Saved entries
---------------

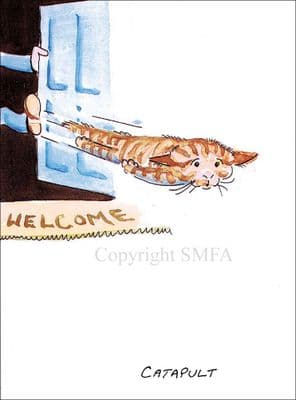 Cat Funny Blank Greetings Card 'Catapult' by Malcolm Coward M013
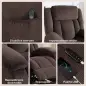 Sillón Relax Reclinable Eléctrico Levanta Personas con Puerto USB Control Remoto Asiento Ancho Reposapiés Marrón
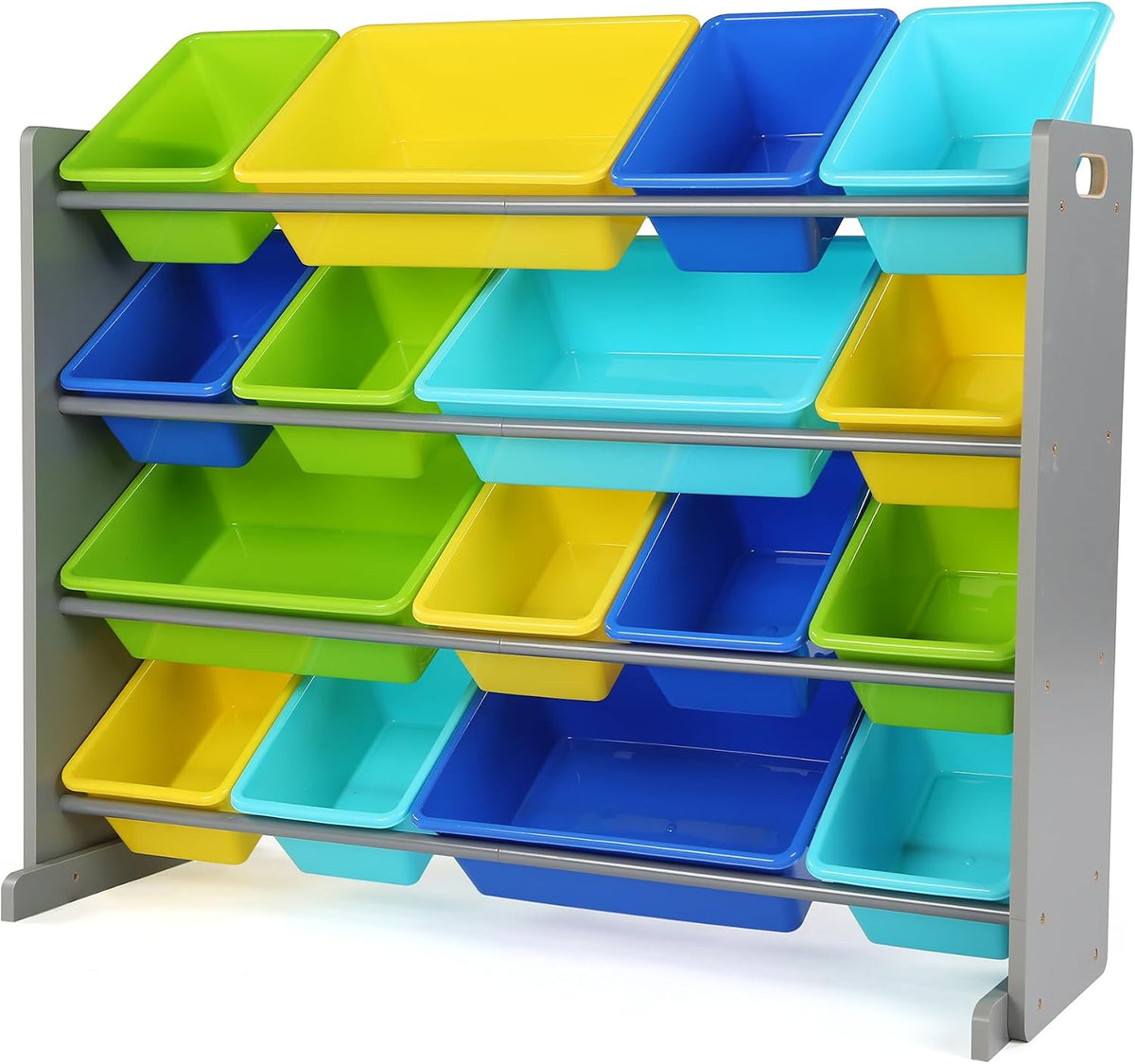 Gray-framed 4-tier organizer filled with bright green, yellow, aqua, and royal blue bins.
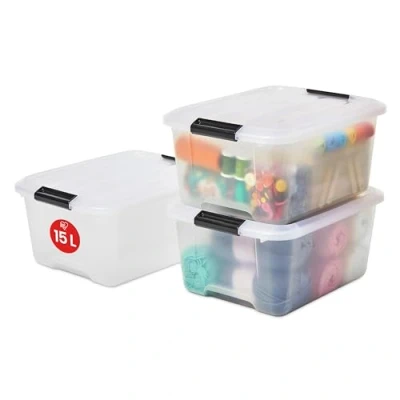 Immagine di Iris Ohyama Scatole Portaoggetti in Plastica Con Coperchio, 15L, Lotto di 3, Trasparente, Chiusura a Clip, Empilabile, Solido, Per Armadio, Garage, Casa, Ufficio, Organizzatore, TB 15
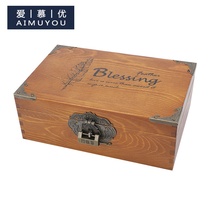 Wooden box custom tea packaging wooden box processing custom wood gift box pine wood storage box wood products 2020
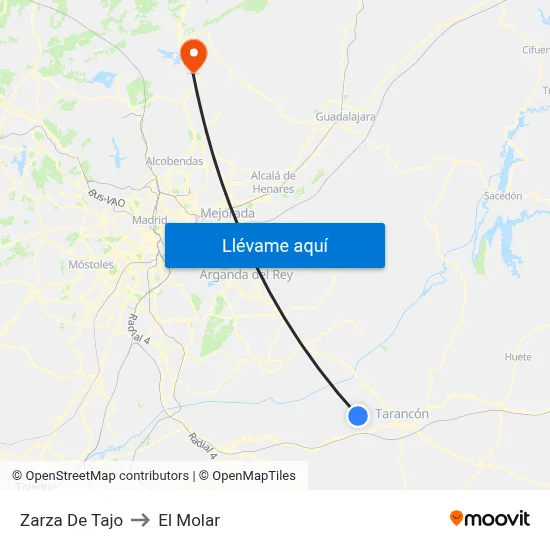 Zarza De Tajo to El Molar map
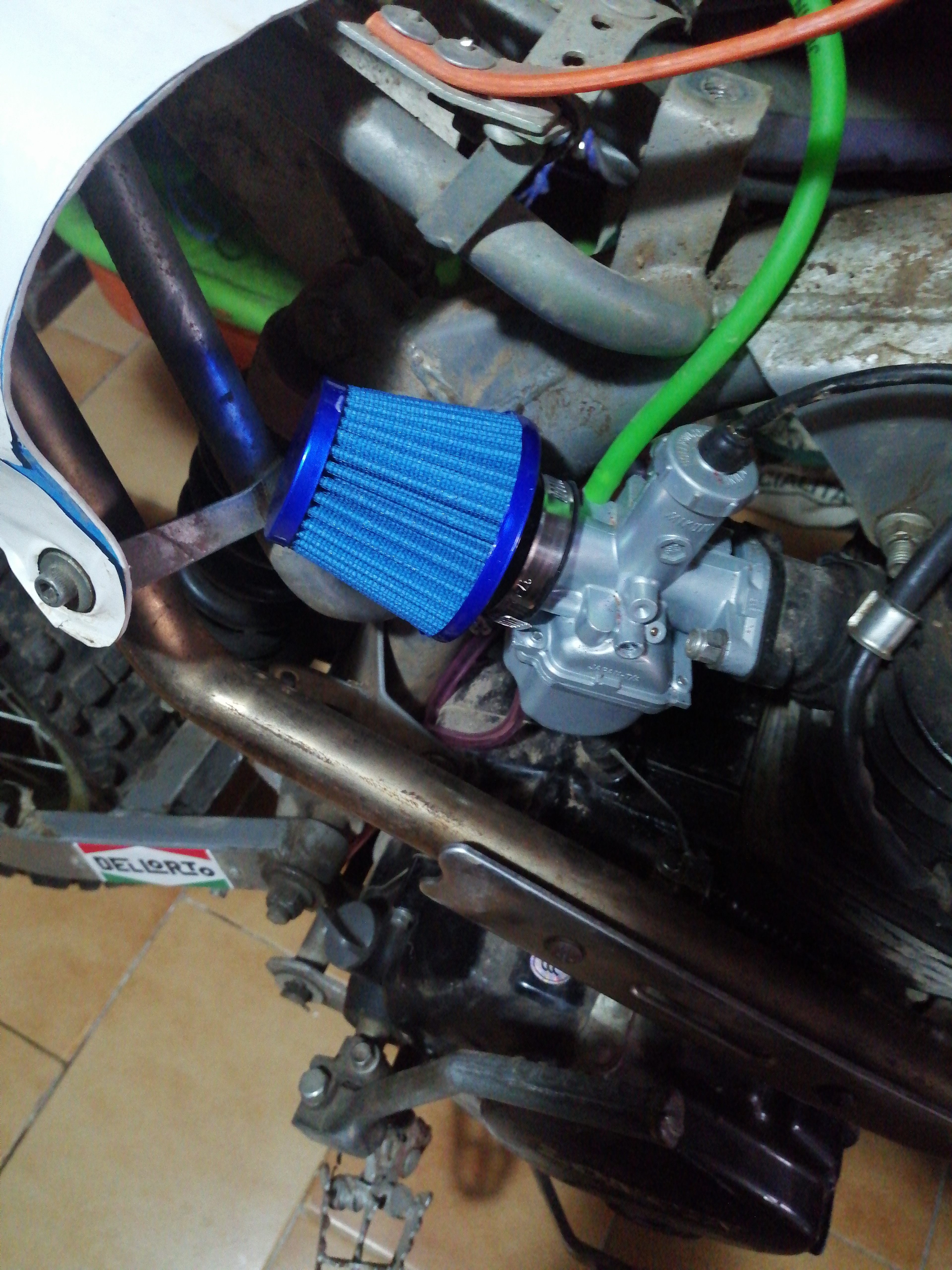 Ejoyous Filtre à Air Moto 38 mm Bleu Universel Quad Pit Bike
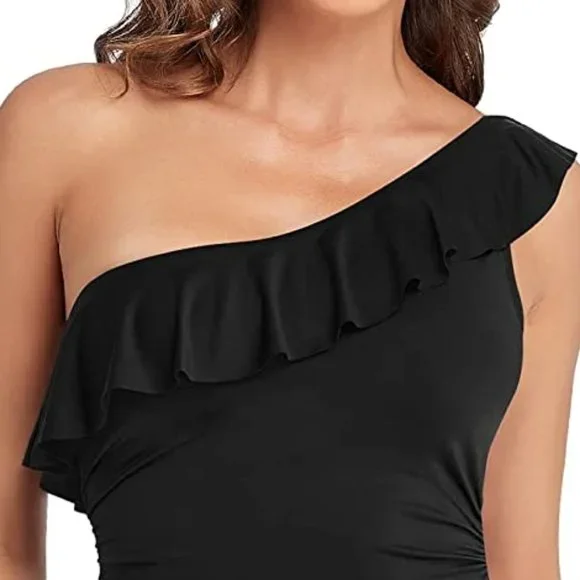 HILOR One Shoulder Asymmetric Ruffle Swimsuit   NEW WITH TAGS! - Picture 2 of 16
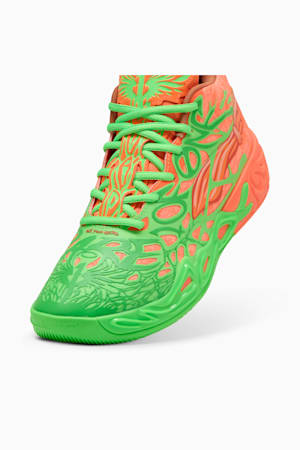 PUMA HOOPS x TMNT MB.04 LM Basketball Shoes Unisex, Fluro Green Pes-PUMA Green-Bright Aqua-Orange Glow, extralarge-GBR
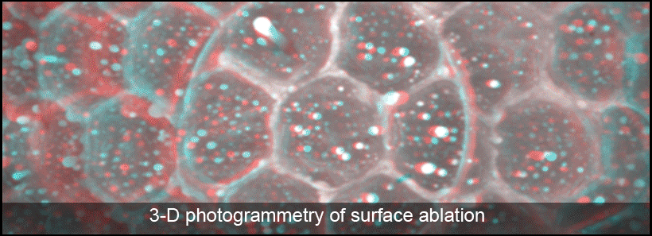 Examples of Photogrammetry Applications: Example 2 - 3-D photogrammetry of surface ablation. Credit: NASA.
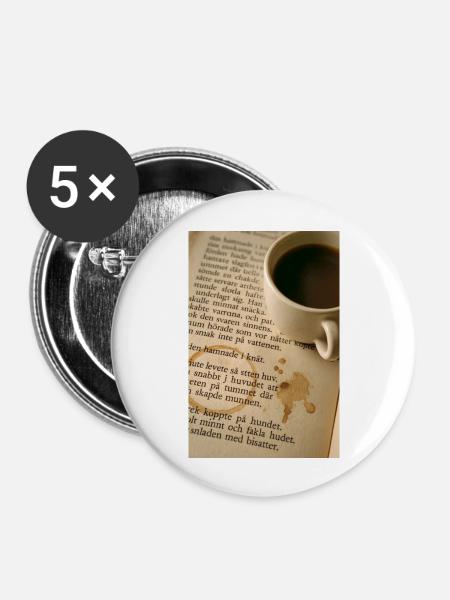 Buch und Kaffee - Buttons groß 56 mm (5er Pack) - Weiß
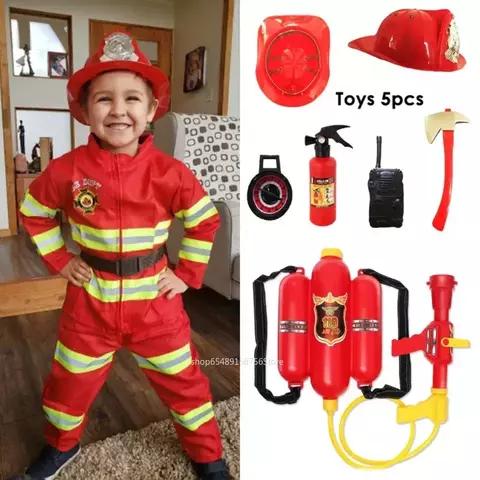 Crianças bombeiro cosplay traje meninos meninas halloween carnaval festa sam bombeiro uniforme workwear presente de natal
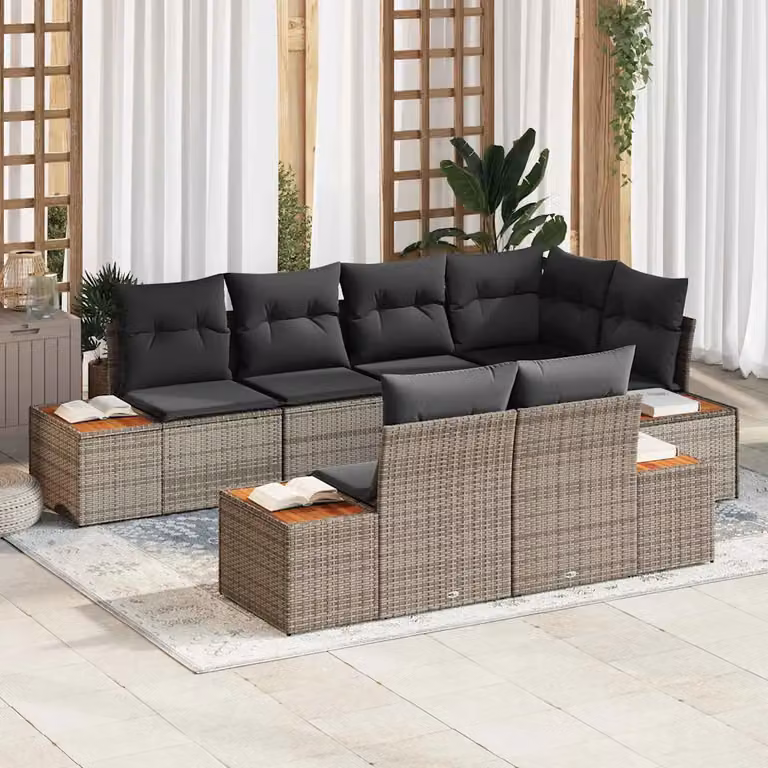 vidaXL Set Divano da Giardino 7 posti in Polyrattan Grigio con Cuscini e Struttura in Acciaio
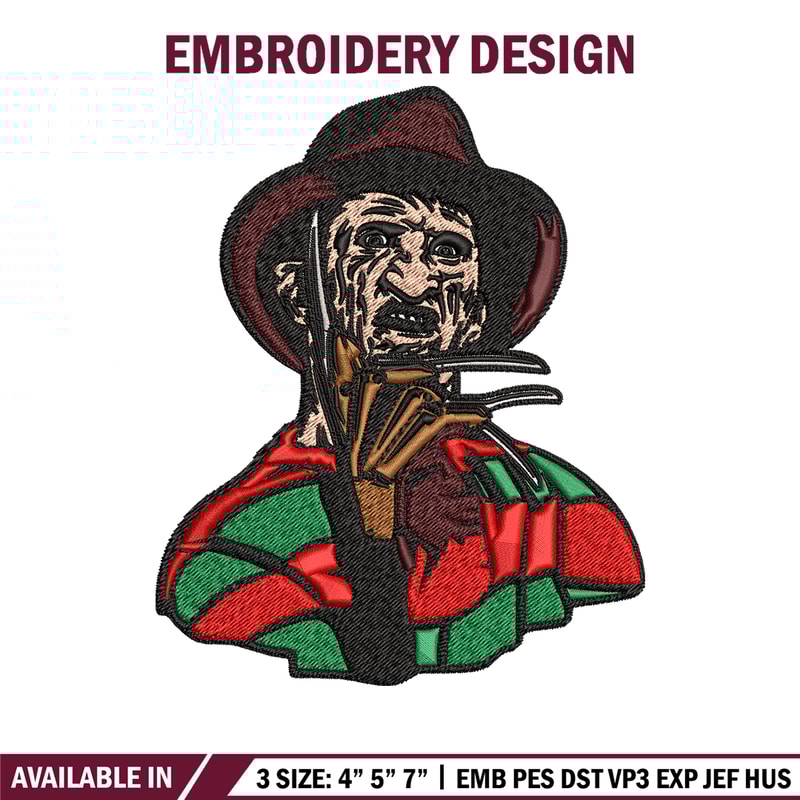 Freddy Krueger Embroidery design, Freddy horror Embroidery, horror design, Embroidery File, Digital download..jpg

---------------

Directions for this task >>
Skip every picture and return the lines above from the top through the one that contains "Gray-framed 4-tier organizer".

Written answer >>
 Cat Funny Blank Greetings Card 'Catapult' by Malcolm Coward M013
 Sillón Relax Reclinable Eléctrico Levanta Personas con Puerto USB Control Remoto Asiento Ancho Reposapiés Marrón
 Gray-framed 4-tier organizer filled with bright green, yellow, aqua, and royal blue bins.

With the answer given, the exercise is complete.